Turning power into (b)ordering
Place as locale

Examples for discussing transgression and resistance

In the Learning Assessments, a lot of students had questions about transgression and resistance. The following examples may help to think through and apply these concepts in concrete ways. Feel free to respond to any or all in comments:

  • First, this article reports on a study of traffic laws and bicycling in Chicago. According to the study, what normal practice do many bicyclists transgress? Why is this transgressive and not merely novel? To what extent does the study show that ideas of normal are changing? What transformation of roads are some people advocating for because of what this study shows about bicyclists?
  • Second, this article reports on a game in Berlin that involves smashing CCTV cameras.
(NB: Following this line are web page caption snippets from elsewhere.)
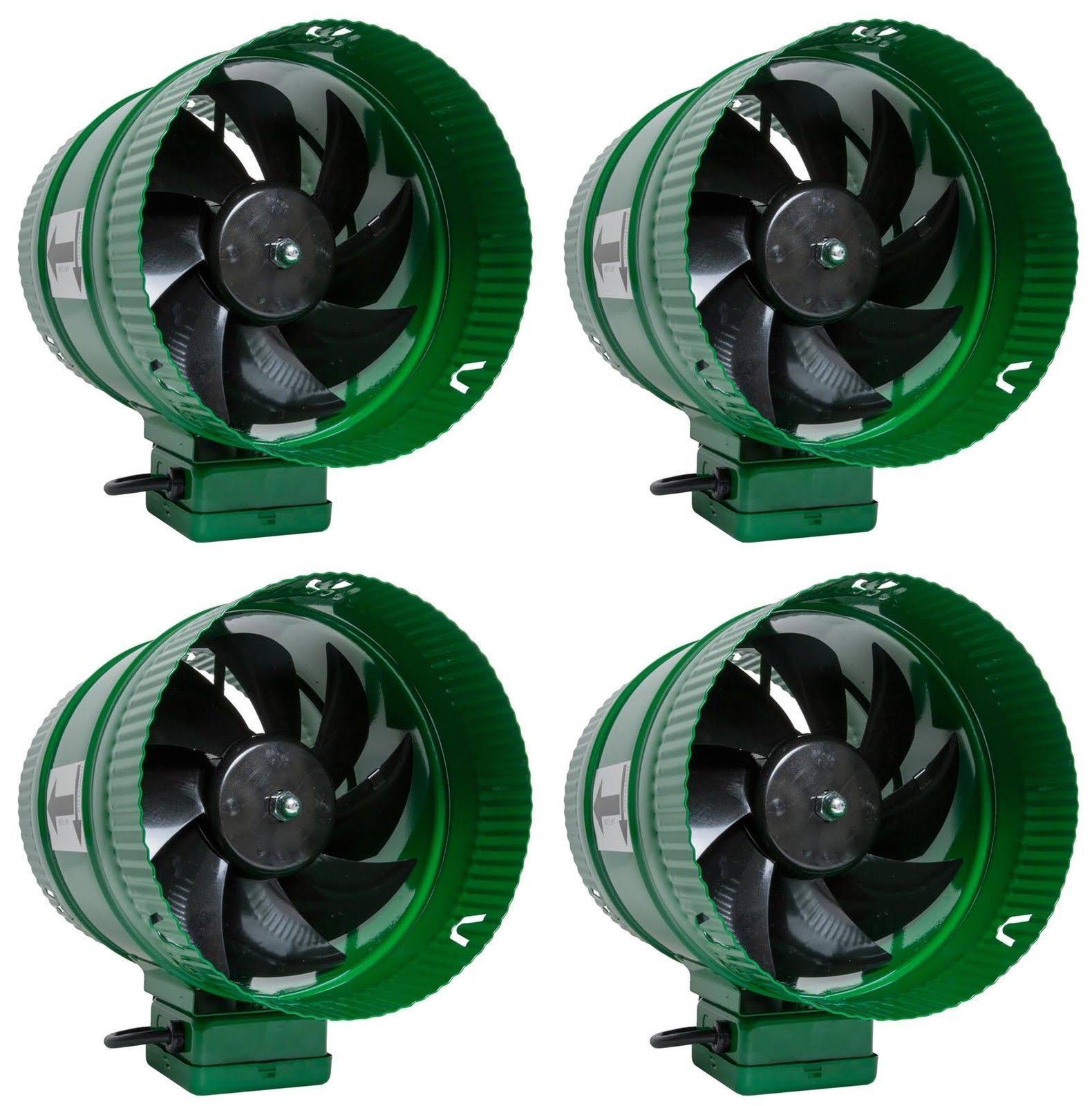 (4) Hydrofarm ACFB8 Active Air 8x22 Hydroponics Inline Duct Booster Fans - 471 CFM
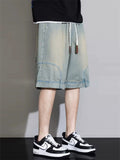 Mens Baggy Denim Shorts Vintage Washed Streetwear Jorts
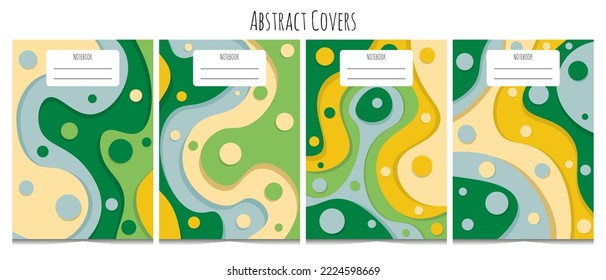 Conjunto de 4 plantillas de portada para portátiles de estilo moderno, en colores vivos. Ilustración de estilo plano con ondas abstractas. Aislado sobre fondo blanco. Fondo vertical A4.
What makes this game novel? Would you also characterize this game as transgressive or resistant? Why or why not? How is this game different from the hide-and-seek example from class?
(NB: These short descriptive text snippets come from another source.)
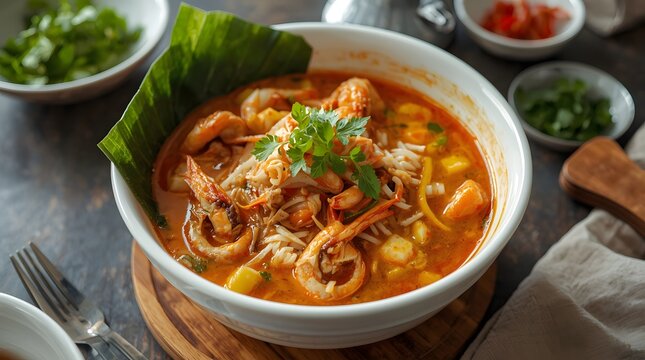 A tempting bowl of Nasi dagang Terengganu, showcasing succulent shrimp and vibrant, flavorful broth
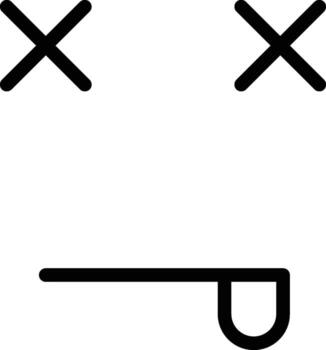 dead, face icon. Simple thin line, outline of Emotion icons for UI and UX, website or mobile application on white background vector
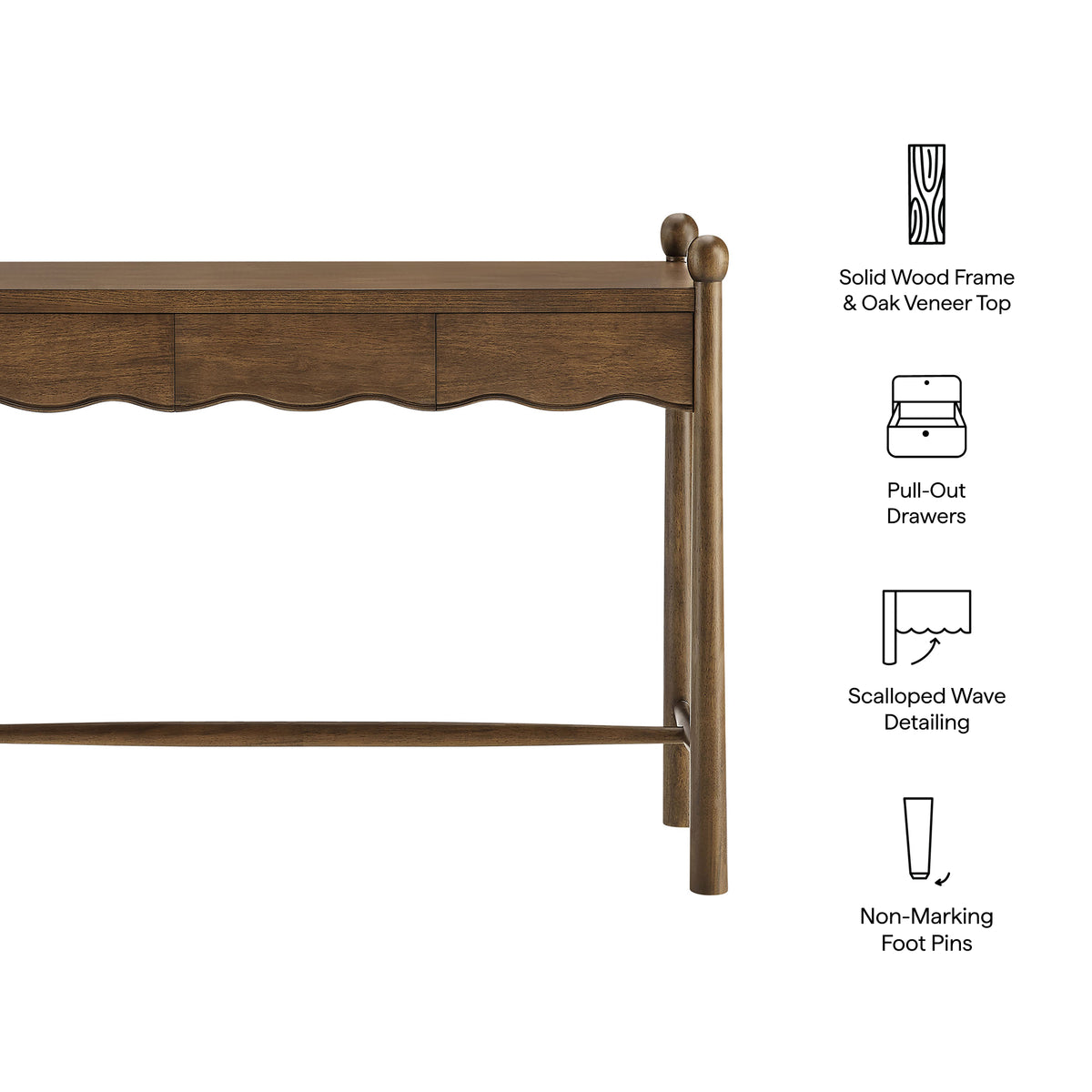 Darcy 44 Inch Wood Console Table - Walnut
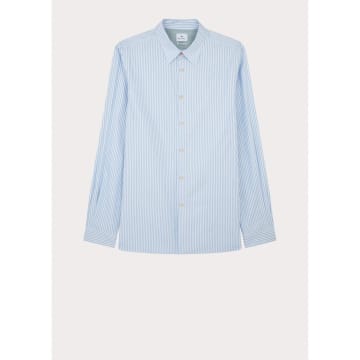 Shop Paul Smith Stripe Regular Fit Shirt Col: 41 Blue/white, Size: Xl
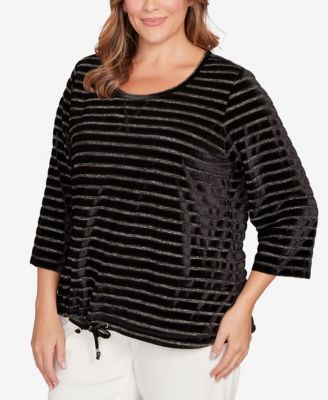 Plus Size Long Sleeve Metallic Stripe Blouson Top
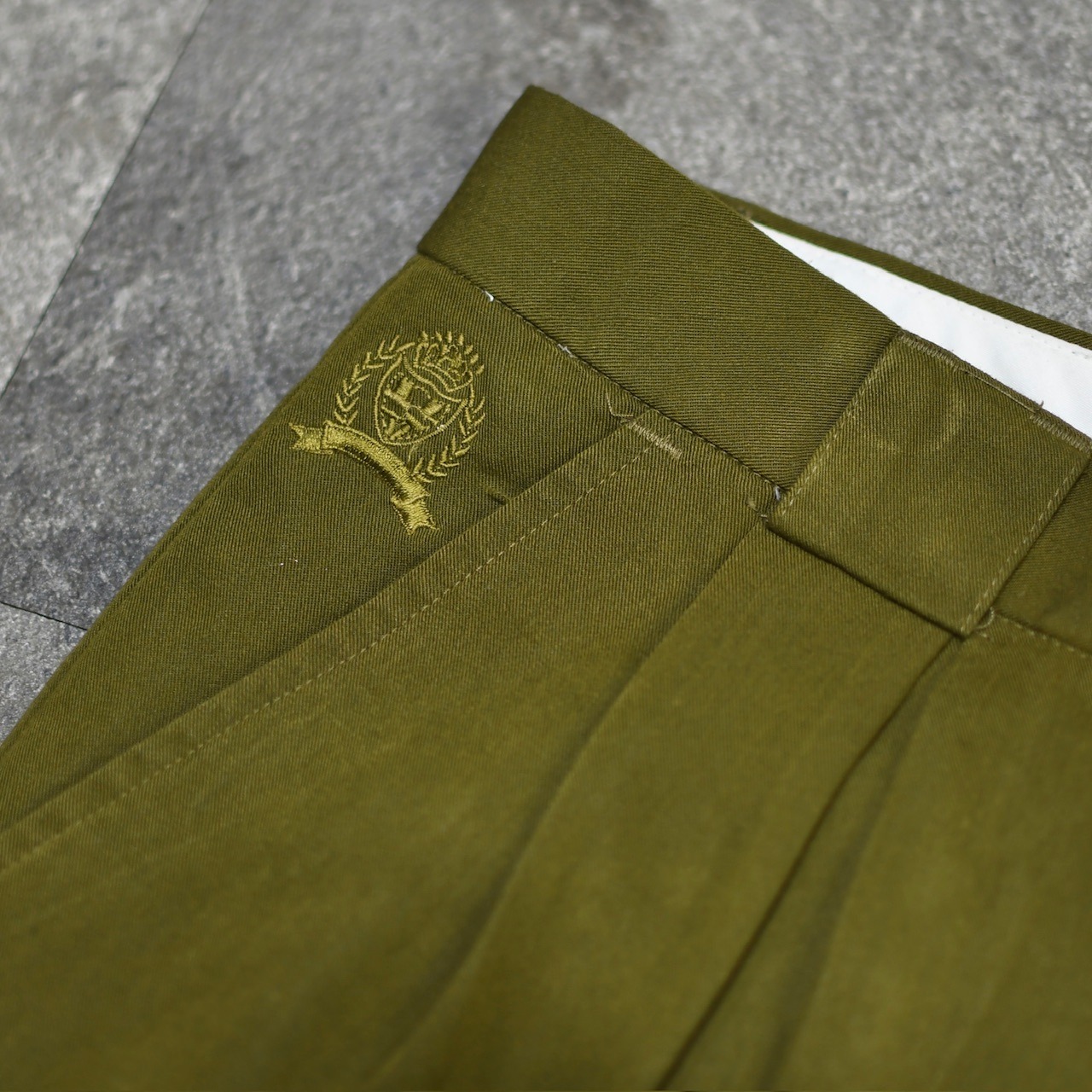 rayon blend khaki tuck slacks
  • This article reports on the "modest fashion movement" among primarily young women and largely based in the U.S. Does dressing "modestly," in the way the subjects of the article do, count as novel, or is this in the range of normal? If you see this action as novel, would you also say that the women in the article are also acting transgressively or in resistance? If so, transgressive or resistant of what?
  • Finally, in this essay, writer Dina Nayeri, writes about her experience as an Iranian refugee in the U.S. and parts of western Europe. What does she tell you about what it feels like to be a refugee in the U.S.? How do she make herself "normal"? What has led her to transgress and resist those expectations? How does she transgress and resist? What does Nayeri's story demonstrate about the power of representation (of language and words)?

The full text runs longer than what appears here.